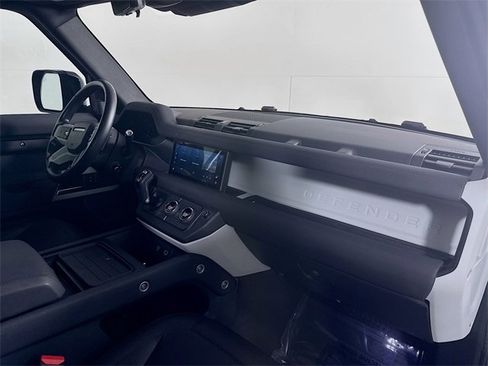 Certified 2021 Land Rover Defender 110 SE image 30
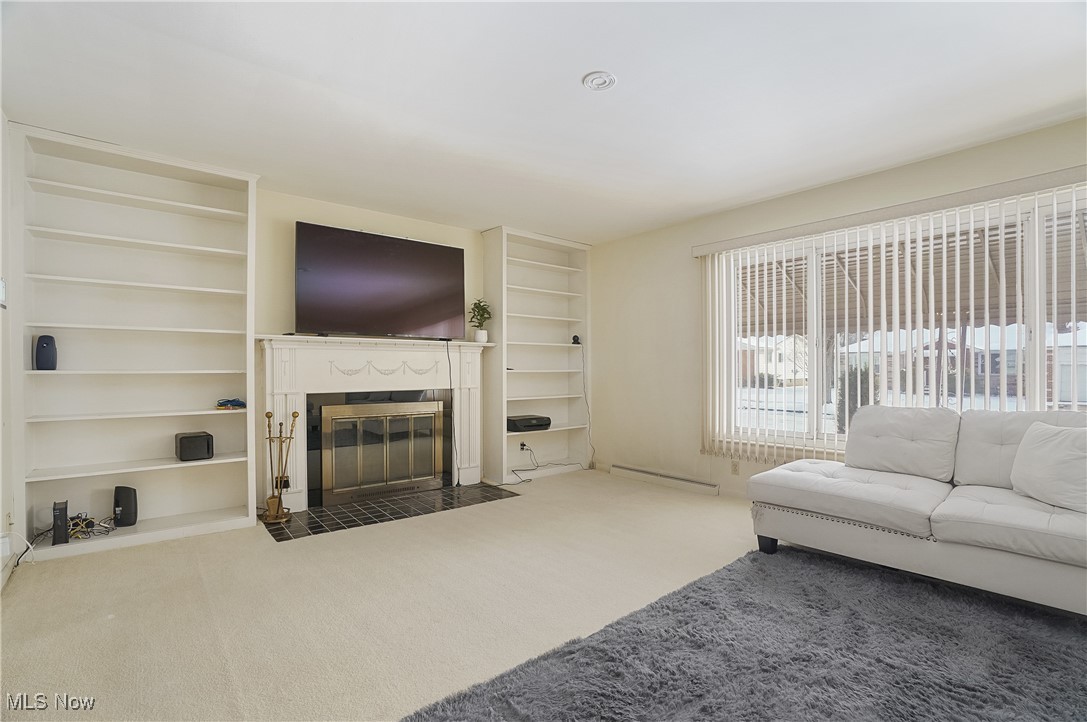 Kenilworth Manor - Residential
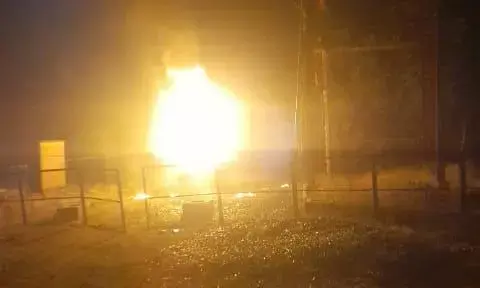 वॉटर फिल्टर प्लांट के ट्रांसफार्मर में लगी आग, आधे शहर को नहीं बंटा पानी, परेशान हुए लोग वॉटर फिल्टर प्लांट के ट्रांसफार्मर में लगी आग, आधे शहर को नहीं बंटा पानी, परेशान हुए लोग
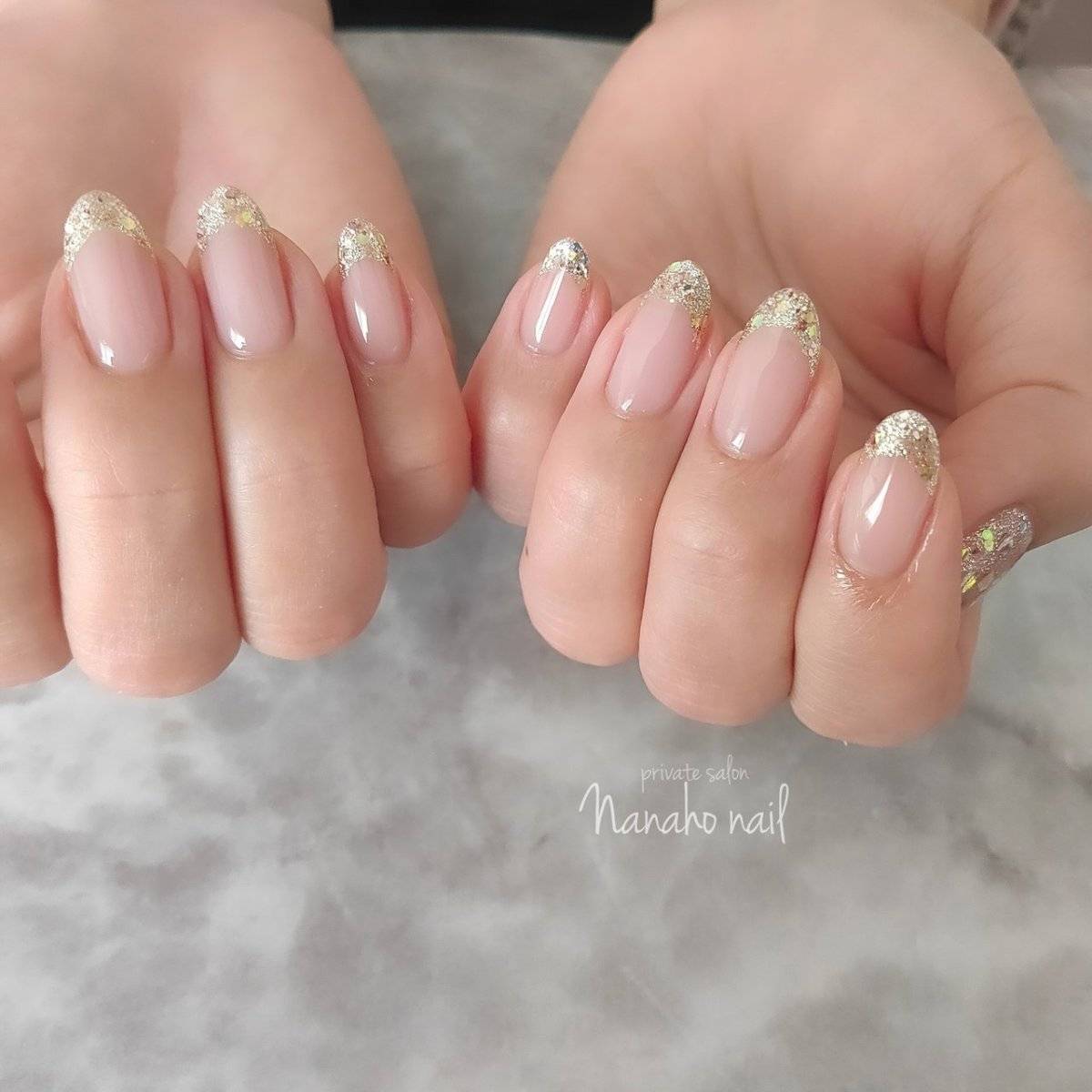 ピンクゴールドネイル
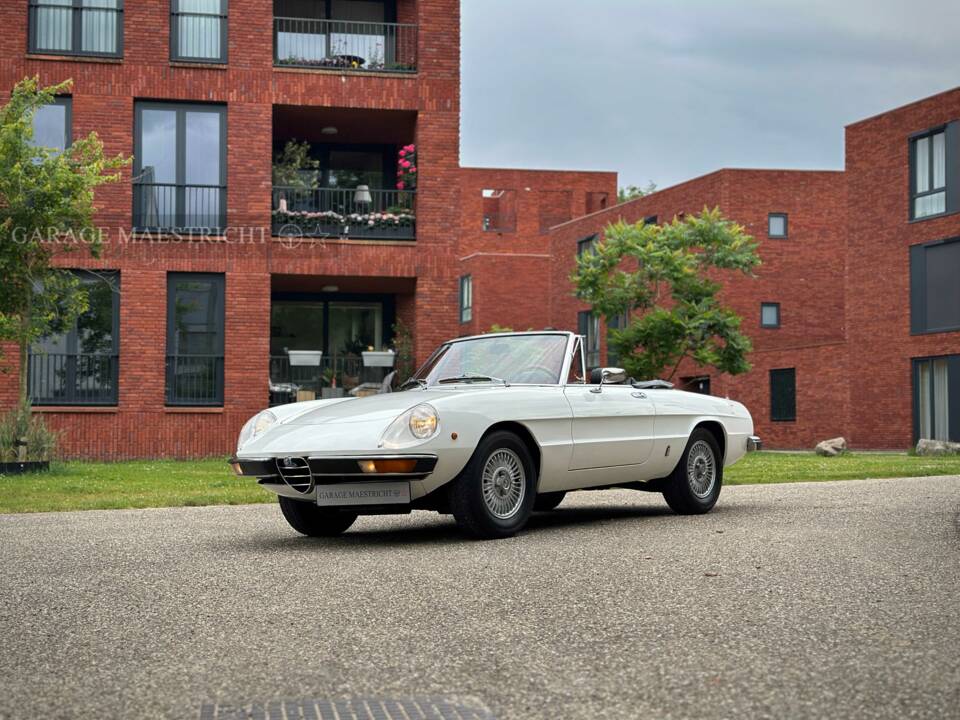 Image 1/95 of Alfa Romeo 2000 Spider Veloce (1980)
########################################
> About this exercise
Every entry is to be transcribed exactly, but the pictures are to be left out.

> Task answer
 Certified 2021 Land Rover Defender 110 SE image 30
 Kenilworth Manor - Residential
 वॉटर फिल्टर प्लांट के ट्रांसफार्मर में लगी आग, आधे शहर को नहीं बंटा पानी, परेशान हुए लोग वॉटर फिल्टर प्लांट के ट्रांसफार्मर में लगी आग, आधे शहर को नहीं बंटा पानी, परेशान हुए लोग
 ピンクゴールドネイル
 Image 1/95 of Alfa Romeo 2000 Spider Veloce (1980)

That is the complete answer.